Topic 4: how do point defects diffuse?

Overview

Mass transport in solids, where different chemical species diffuse in a material due to random motion with or without a driving force, is a fundamental kinetic process for a wide variety of materials problems: growth of precipitates in nearly every advanced structural alloy from steels to superalloys, sintering of powders to make advanced ceramics, degradation of materials from irradiation, creep, recrystallization, corrosion, charge/discharge cycles in batteries, electromigration, and more. Fundamentally, all of the atomic-scale processes involved in mass transport require defects: interstitials for “small” impurity atoms, or vacancies and interstitials for substitutional solutes. The atomic-scale mechanisms can be very simple (site-to-site hopping for interstitial atoms) to increasingly complex mechanisms (vacancy-mediated to interstitialcy-mediated), and can be influenced by defect concentrations, temperature, strain, doping (!), and the presence of additional defects. The complexity of transport makes both experiments and modeling difficult, but the centrality to materials science and engineering provides a continuing driving force for its study. An entire course could be dedicated to this topic; here, we will consider a few of the defect specific aspects of diffusion applied to a relatively recent discovery: the “nano” Kirkendall effect.

Reading

For this topic, you will want to read the original discovery of the Kirkendall effect (a seminal result in diffusion, which took a long time to be accepted! See this history lesson), and a recent review paper covering some of the aspect of the application of the Kirkendall effect to the processing of nanoparticles. For the application part, you will also want to review results about diffusivity in semiconductors.

Team assignment

The development of hollow binary alloys nanoparticles—either ordered intermetallics or compound semiconductors—is complicated by the multiple components involved. After reviewing the literature on using the Kirkendall effect to design hollow nanoparticles, identify a possible new compound semiconductor or intermetallic to target for nanoparticle development.

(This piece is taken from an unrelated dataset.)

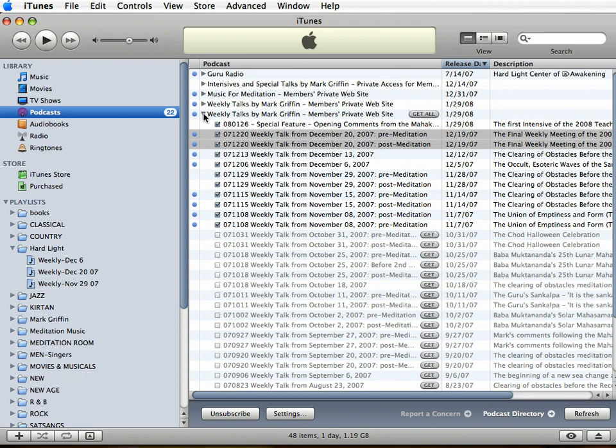Now we're going to spend just a moment discussing how to make a CD from any of your member selections - weekly talks, intensives, or special talks. As you see iTunes right now, notice that there's no place where it says make a CD. How are you going to do this?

  1. Putting aside the issues of how you could synthesize your particular alloy, select a compound semiconductor or ordered intermetallic and propose a possible approach to create a hollow nanoparticle.
  2. Does your selection require a solid solution before heating, or a core-shell design?
  3. Any other considerations for processing that you think could help your design?

Prelecture questions

  1. Diffusion mechanisms for solutes are sometimes inferred from the experimental activation barrier \(Q\) for diffusion, where \(D = D_0 \exp(-Q/k_\text{B}T)\). Briefly explain how you might decide what type of diffusion mechanism a species had, based on the diffusion barrier.
  2. Is it possible to get the Kirkendall effect if solutes diffuse via a different mechanism rather than vacancy-mediated diffusion? Justify your answer.
  3. If a solute B in matrix A can occupy both substitutional sites \(\text{B}_\text{A}\) and interstitial sites \(\text{B}_i\), then more complicated diffusion profiles are possible. Assume that the interstitial species is mobile, while the substitution is not. Consider the Frank-Turnbull mechanism, where an interstitial solute and a vacancy can combine to make a substitutional solute (and vice versa); if this reaction is in local equilibrium, vacancies are able to maintain global equilibrium, and \(\text{B}_i\) is a slower moving species than the vacancies, write the diffusivity of solute B in terms of defect concentrations and transport coefficients. Be sure to specify whether your concentrations are the local concentrations, or the thermodynamic equilibrium concentrations.

Suggested background

These may help you think about the papers and questions raised; you may want to look beyond these, too.

Note: If you are interested in more of the theory of mass transport, you should read Allnatt and Lidiard, Atomic Transport in Solids. (Cambridge Univ. Press, 1993) doi:10.1017/CBO9780511563904. This is the background reference for the theory of diffusion in solids. It has the two different (equivalent and related) approaches to understanding diffusion and goes from atomic-scale mechanisms to macroscale diffusion.